会場に着き、知っている顔がちらほら見えた時、ここにいていいのだ、という安心感のようなものを感じ、すうっと気持ちが楽になった。
今日は祖父のために踊ると決めた。
こんな気持ちで盆踊りを踊ったのは、初めてだった。
踊っている時、油断すると涙が溢れそうになったが、それは、悲しいからなのか、幸せだからなのか分からなかった。多分、両方だったのだと思う。
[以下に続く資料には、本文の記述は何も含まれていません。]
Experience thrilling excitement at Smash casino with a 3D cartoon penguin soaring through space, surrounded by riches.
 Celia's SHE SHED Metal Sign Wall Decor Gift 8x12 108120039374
途中、なんだか身体がふわふわと浮いているような、優しい何かに包まれているような、不思議な感覚を覚えた。
とにかく、盆踊りは最高に楽しかった。
次の日、ワタシは田舎に帰った。
祖父の亡骸も、住み慣れた家に帰っていた。
祖父がずっと守ってきた家だ。
見慣れた家が、いつもと違うように見えた。
ワタシは、玄関の前で足が動かなくなった。
まだ祖父の死を受け入れたくなかったのだ。
ワタシは子供のように泣いた。
祖母が優しく声をかけてくれ、ようやく落ち着き、お線香をあげた。
「顔を見てあげて。」と言われたが、正直怖かった。
亡くなった人はどんな顔をしているのか、想像を超えすぎていて、想像がつかなかった。
なによりも、見てしまったら、祖父の死を受け入れてしまうような気がして、怖かったのだ。
祖母が、顔にかかっている白い布をそっとめくった。
そこには、幸せそうな祖父の寝顔があった。
本当に、死んでいるのだろうか。
確かに、ワタシの知っている祖父に比べ、痩せ細っているが、今にも起き上がりそうなくらい、綺麗な寝顔だった。
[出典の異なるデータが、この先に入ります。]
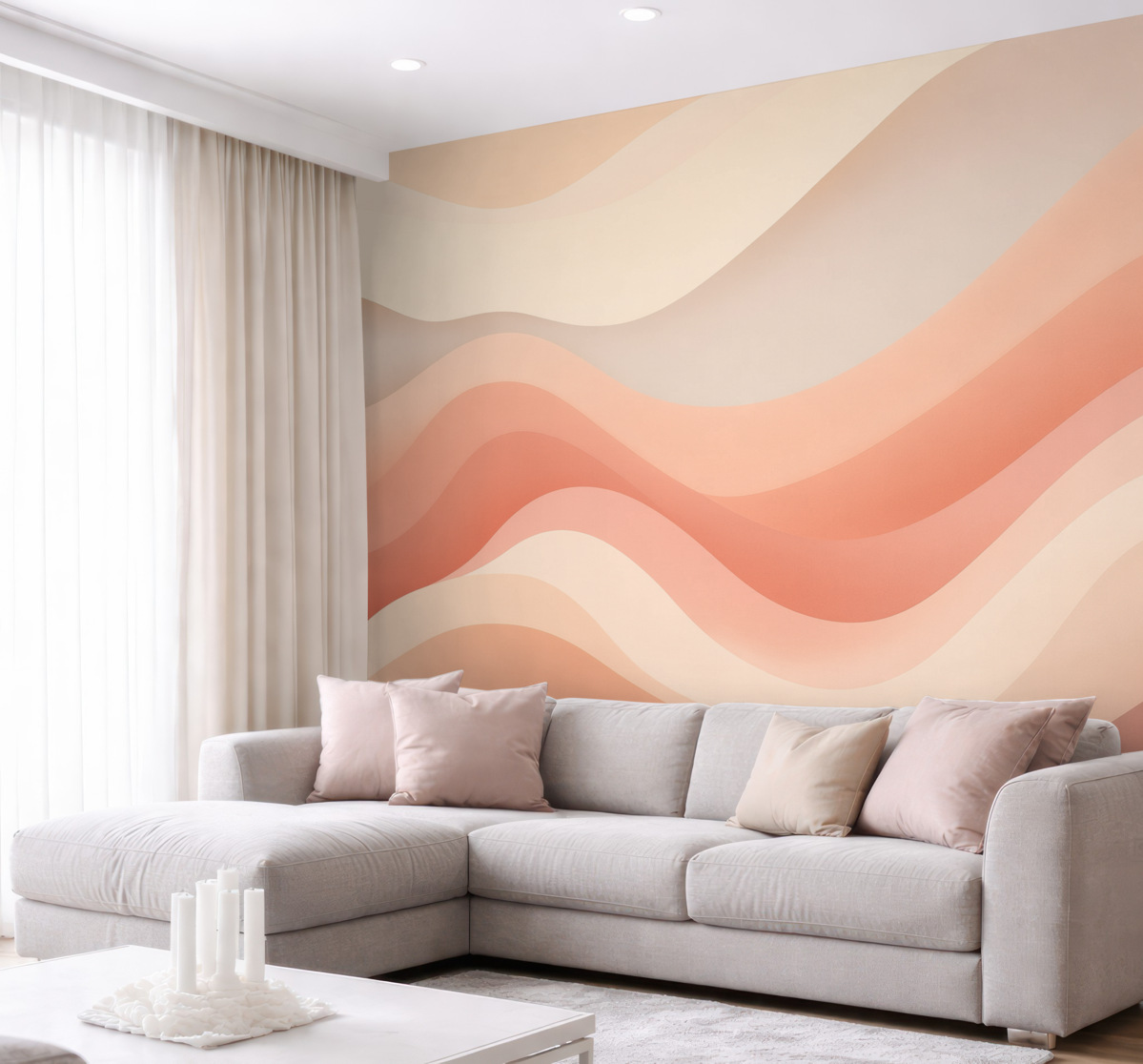 Fototapeta Impet w tonacjach różu i czerwieni.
この期に及んでもまだ信じられず、二人きりになった時に、「今なら起きてもいいよ!」と言ってみたりもした。
しかし、当たり前だが、動くことはなかった。
触れると、今まで感じたことのない冷たさだった。
ワタシは、心の中で、昨日の出来事を報告した。
なんだか、笑っているような気がする。と、また勝手なことを思った。
ワタシたち家族は数日間、祖父の側で、酒を呑んだり、昼寝をしたりした。線香を絶やさぬよう、祖父が寂しくないよう、朝も夜も代わる代わる祖父の側に行った。
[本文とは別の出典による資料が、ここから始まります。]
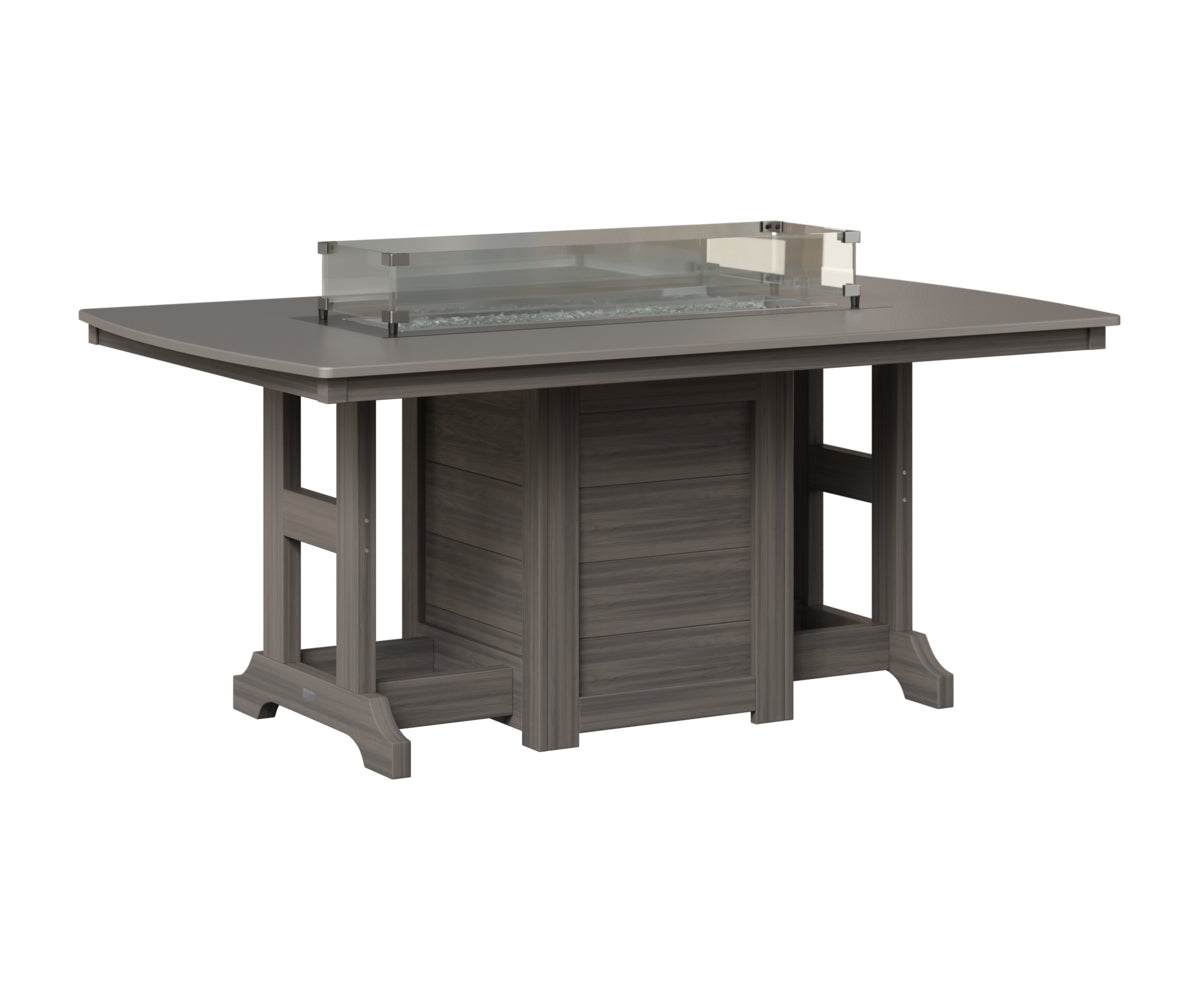 Berlin Gardens Garden Classic 44" x 72" Rectangular Fire Table in Coastal Gray, Hammered Stainless top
親戚や近所の方々も、ひっきりなしに線香をあげに来てくれた。
ワタシはだんだんと、このまま祖父の形があれば寂しくないかも、と思うようになっていた。
ニュースなどでそんな話を聞いた事があるが、今ならその気持ちが分からなくもないかも、と思った。
しかし予定通り、納棺、出棺、お通夜、お葬式、と進んでいった。
それらの儀式は、すべてが美しかった。
そして、さっきまで確かにあった祖父の形がなくなってしまった時、ようやく、祖父の死を受け入れられたような気がした。
遥か昔から、人間は皆こうやって廻っているんだと、自分の頭で身体で感覚で、やっと少し理解できたような気がした。
祖父が魚にエサをやる姿も、魚の匂いが染み付いた祖父の匂いも、くっきりと、はっきりと、ワタシの目や鼻や、身体の細胞のすべてが記憶している。
それが分かった時、悲しいというよりも、むしろ、祖父の姿や匂いや言葉が、ワタシの心の中により強く刻まれたような気がして、心強かった。
人が人を想うところから、盆踊りは始まったのではないかと思う。
“ 想い ” という形のないものの存在は、不確かなものであるが、しかし、一番確かなものなのかもしれない。
複雑な、無雑な想いは、渦を巻き、大きなエネルギーを生み出す。
そして、それは、現世を生きる人たちの生命力になるのではないかと思う。
ワタシは祖父から、何物にも代えがたい、素晴らしい宝物をもらった。
お盆に帰ってきてくれたら、お酒を呑みながら、一緒に盆踊りを踊りたいなぁ。
なんて言ったら、また祖父が笑っているような気がした。
※《うたたねで踊る》は、うたたねをしている時のように、夢と現実をさまよいながらゆるりと綴っているので、ゆるりと読んで下さいませ。